Because Faith is the foundation of the spiritual life and thus the deeper the foundation the taller the edifice that can be built upon it—but we said it was a gift and thus we cannot strictly speaking increase our faith we can ask for more faith and do certain things which dispose us for a reception of stronger Faith.  As St. John Henry Newman says :

“…with good dispositions faith is easy; and that without good dispositions, faith is not easy; and that those who were praised for their faith, were such as had already the good dispositions, and that those who were blamed for their unbelief, were such as were wanting in this respect, and would have believed, or believed sooner, had they possessed the necessary dispositions for believing, or a greater share of the them.”

St. John Henry Newman, Dispositions for Faith, Sermons Preached on Various Occasions.

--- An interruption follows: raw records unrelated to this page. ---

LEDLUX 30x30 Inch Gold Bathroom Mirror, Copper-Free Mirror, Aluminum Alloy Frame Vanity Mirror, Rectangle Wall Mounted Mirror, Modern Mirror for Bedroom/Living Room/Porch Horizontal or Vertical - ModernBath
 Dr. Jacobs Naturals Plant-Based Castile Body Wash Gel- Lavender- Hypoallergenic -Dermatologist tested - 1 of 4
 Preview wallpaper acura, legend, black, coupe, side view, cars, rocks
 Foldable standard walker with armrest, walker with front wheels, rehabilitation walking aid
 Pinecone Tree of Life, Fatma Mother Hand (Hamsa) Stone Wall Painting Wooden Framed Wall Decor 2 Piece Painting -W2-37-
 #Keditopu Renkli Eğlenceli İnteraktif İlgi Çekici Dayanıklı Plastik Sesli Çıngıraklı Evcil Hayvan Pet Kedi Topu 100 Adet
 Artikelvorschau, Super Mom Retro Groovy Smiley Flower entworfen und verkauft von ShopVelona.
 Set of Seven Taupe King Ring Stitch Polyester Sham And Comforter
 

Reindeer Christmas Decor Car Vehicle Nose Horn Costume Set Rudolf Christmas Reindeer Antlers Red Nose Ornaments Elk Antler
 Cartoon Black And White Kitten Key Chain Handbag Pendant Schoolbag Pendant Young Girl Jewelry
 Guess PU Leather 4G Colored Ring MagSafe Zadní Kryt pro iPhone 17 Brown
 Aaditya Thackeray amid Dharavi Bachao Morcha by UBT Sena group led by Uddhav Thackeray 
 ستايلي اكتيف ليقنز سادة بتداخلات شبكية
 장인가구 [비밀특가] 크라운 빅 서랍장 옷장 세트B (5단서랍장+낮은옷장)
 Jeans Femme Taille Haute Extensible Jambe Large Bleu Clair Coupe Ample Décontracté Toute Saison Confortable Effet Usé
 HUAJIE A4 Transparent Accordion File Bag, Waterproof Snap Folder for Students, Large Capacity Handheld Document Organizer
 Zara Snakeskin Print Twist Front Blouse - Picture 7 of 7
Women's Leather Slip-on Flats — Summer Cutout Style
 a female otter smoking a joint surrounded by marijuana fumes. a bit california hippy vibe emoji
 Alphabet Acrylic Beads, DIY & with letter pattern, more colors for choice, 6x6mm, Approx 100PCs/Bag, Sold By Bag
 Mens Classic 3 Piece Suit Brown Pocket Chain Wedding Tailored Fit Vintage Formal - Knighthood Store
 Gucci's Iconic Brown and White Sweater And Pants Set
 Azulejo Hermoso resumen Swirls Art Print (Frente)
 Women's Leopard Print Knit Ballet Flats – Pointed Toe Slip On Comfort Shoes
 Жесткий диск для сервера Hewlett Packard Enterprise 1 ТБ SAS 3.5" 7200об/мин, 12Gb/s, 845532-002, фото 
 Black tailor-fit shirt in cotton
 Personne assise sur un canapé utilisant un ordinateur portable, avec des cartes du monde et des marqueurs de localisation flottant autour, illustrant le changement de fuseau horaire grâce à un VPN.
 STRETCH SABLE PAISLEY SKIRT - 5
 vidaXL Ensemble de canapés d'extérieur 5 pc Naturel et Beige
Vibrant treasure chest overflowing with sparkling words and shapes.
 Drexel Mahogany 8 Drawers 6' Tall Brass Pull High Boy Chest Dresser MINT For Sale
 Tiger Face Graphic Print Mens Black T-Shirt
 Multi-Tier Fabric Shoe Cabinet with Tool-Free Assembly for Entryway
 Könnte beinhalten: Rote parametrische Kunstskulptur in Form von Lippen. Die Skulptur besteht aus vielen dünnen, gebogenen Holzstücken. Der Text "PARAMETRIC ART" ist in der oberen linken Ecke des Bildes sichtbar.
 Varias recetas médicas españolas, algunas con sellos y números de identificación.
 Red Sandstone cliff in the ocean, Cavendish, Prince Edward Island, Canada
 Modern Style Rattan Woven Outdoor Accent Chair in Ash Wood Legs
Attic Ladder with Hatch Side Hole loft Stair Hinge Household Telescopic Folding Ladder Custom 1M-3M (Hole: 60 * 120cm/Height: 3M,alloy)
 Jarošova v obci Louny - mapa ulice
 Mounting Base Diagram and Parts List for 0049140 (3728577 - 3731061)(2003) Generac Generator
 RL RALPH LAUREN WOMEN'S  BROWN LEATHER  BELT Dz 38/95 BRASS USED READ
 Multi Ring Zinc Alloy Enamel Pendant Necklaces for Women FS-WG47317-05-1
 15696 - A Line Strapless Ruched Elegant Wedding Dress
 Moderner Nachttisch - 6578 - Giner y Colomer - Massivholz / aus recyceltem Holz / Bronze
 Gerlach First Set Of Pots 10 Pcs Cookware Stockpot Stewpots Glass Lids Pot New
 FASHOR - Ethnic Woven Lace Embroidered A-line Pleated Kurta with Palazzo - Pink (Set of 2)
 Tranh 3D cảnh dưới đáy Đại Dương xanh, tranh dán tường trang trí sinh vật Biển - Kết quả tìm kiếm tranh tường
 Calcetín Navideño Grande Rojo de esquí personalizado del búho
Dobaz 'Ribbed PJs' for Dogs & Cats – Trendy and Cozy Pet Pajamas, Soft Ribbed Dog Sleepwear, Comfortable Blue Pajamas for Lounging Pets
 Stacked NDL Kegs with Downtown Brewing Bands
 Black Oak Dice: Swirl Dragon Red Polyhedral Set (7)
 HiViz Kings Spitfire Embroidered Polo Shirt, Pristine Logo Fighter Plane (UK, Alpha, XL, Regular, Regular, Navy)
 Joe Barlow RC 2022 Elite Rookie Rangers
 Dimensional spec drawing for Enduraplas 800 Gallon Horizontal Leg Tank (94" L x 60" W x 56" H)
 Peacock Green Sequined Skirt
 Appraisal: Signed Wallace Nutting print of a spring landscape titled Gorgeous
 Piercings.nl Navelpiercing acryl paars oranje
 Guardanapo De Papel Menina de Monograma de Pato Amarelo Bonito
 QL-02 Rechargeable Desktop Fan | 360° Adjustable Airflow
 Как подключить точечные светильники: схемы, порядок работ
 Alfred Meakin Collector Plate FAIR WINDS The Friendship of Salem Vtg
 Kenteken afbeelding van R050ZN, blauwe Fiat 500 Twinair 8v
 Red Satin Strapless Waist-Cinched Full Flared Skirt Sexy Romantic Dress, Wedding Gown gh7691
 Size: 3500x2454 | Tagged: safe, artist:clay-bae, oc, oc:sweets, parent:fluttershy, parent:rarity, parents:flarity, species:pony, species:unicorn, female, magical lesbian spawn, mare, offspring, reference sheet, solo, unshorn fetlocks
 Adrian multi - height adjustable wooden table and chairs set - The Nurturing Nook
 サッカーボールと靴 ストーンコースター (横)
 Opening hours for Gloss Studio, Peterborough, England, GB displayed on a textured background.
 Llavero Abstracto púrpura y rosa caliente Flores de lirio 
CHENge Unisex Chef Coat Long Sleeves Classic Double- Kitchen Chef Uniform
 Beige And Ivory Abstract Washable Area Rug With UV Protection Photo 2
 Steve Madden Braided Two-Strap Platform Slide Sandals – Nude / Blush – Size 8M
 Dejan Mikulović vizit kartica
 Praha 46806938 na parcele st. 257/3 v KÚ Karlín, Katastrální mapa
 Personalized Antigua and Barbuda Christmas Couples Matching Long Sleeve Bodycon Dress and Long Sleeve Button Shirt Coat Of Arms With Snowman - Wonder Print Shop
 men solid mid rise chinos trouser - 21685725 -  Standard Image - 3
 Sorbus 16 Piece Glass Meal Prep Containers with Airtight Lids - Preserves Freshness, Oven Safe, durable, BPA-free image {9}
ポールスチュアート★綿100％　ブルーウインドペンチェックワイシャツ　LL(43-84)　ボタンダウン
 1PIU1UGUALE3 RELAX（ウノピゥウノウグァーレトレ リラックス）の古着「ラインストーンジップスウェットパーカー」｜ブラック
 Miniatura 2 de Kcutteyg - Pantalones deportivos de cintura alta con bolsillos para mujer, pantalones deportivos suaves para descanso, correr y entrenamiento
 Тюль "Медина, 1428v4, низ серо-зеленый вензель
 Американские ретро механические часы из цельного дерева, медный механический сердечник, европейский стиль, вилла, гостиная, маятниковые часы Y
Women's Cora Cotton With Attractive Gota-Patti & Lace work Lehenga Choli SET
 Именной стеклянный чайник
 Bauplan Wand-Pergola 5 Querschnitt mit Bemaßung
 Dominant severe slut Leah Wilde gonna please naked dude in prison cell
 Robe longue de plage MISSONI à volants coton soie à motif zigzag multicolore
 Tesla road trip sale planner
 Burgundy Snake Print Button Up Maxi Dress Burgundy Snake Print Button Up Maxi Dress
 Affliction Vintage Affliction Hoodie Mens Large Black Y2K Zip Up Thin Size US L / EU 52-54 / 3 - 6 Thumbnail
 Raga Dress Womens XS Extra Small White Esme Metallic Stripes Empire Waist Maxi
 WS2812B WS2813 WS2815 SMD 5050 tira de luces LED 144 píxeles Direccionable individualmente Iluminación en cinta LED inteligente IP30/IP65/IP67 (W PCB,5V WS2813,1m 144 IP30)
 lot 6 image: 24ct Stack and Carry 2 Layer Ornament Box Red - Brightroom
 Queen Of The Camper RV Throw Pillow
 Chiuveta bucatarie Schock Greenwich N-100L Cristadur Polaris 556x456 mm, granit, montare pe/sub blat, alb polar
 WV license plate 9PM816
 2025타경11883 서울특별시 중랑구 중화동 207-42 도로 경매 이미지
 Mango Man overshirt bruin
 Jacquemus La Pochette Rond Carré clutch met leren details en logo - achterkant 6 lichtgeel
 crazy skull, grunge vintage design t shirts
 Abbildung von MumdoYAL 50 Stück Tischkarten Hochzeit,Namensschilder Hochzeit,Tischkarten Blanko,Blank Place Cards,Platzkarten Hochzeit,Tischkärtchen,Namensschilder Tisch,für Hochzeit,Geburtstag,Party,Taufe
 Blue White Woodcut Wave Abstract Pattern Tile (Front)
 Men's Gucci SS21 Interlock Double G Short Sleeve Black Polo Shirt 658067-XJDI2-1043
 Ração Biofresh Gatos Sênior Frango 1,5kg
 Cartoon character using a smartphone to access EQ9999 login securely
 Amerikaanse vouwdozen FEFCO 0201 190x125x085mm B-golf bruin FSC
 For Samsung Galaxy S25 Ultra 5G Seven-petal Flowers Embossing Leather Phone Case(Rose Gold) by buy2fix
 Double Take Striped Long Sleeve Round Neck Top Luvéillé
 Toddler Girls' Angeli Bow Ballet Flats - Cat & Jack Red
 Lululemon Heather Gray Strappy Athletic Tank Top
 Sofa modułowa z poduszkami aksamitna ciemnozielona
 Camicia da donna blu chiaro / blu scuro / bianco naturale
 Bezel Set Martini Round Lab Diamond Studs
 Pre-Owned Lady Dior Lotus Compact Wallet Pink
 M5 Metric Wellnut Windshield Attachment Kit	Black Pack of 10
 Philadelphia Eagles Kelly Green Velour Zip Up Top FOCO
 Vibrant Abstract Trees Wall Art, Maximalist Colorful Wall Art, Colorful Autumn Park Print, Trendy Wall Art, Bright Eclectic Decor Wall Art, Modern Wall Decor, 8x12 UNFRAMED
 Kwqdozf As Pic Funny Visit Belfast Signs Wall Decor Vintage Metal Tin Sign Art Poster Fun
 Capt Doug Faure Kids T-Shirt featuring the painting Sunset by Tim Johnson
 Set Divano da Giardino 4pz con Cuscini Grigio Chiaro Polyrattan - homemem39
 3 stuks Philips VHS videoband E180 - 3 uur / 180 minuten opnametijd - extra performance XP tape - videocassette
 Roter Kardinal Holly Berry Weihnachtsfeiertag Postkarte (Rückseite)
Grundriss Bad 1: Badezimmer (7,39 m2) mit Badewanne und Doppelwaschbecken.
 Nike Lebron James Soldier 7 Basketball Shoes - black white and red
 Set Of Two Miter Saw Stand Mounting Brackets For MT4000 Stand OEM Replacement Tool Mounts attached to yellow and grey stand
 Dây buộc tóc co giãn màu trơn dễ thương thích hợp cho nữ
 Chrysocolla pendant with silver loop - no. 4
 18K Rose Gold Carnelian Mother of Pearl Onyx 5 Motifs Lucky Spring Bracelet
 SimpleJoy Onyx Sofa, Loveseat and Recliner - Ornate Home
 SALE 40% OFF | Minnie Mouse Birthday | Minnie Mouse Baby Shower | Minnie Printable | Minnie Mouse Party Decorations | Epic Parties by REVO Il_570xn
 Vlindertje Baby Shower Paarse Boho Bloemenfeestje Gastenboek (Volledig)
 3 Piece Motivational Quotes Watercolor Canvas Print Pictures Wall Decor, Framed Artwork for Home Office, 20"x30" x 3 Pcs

There are two things in particular we can do to dispose ourselves to receive an increase in Faith.  First and most importantly is to ask.  Admit your unbelief and ask for an increase in Faith (Mk 9:24).  Second, exercise the virtue of Faith.  When you exercise the “muscle” of faith through its exercise, you will be ready for the Divine Spotter to add more weight on the bar of Faith.  The three exercises that are particularly helpful are:

  1. Make acts of faith, especially by reciting the Creed.  But also in general by affirming that you believe any particular doctrine you happen to come across in your spiritual reading or discussion.  I find this practice particularly helpful during homilies that otherwise would not move me.
  2. Study the Faith.  When you also understand you are able to make a firmer assent to what is believed.
  3. Teach the Faith or openly profess the Faith in front of others.  This requires first a trust in God that He rewards those who proclaim Him and then a trust that He has spoken truthfully.